02 March 2011
4 the boat show
i'm 10 or 11, sitting in the passenger's seat of my grandfather's 2-door 1983 chevy beauville sportvan.
my feet do not reach the floor unless i sit on the very edge of the seat so that the tiniest fraction of my butt is barely even on it. but when i sit on the very edge of the seat like that the nylon webbing of the seatbelt cuts deep into the side of my neck so i sit back. it seems far more important to keep my head on than to have my feet touch the floor.

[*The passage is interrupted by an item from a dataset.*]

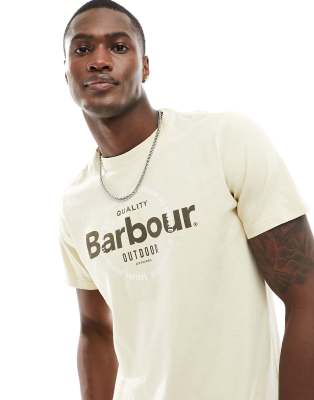 Barbour logo t-shirt in cream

my grandfather and i are going to the mid-south memphis hunting and fishing boat show extravaganza. this has become the most exciting thing ever in the history of the world because my grandmother has made it quite clear that it is a place entirely indecent for little girls to go.
but my grandfather insisted. he said, burvil, she needs to go.
my grandfather is next to me in the 1983 chevy beauville, the jar of planters peanuts that has been in the center console of every vehicle he has owned for as long as my mother can remember, sits between us. he periodically reaches in and extracts a handful, half of which is then deposited into my upturned, extended palm.
he feels far away.
we are sitting in a 1983 chevy beauville so there is, in fact, thanks to the roominess that the general motors engineers of the 1980s deemed essential for front seats, a great distance between us. but there's also another far greater. i am 10 or 11, on the cusp of adolescence, a development that will, seemingly overnight, set up barriers- both physical and emotional- that had not been there before. barriers that will take years to come down.
he feels far away because he is far away. because i am moving away from him.
i am 10 or 11, and we are driving down danny thomas boulevard on our way to the mid-south memphis hunting and fishing boat show extravaganza as it is dawns on me that my grandfather is going to die.
that my grandfather could, quite possibly, die right then, as we're driving to the memphis cook convention center in that 2-door 1983 chevy beauville.
my grandfather never knows any of this. that, as we drive down danny thomas, i am sitting quietly beside him calculating the amount of time necessary to unbuckle my seatbelt and traverse the vast expanse of the front seat and take over the wheel in the instance of his sudden death.
the salt of the peanuts cuts into the palm of my clenched hand as i contemplate the mechanics of this encroaching calamity.
i am 10 or 11. it does not once occur to me that i do not know how to drive. i have completely forgotten that my feet do not reach the floor.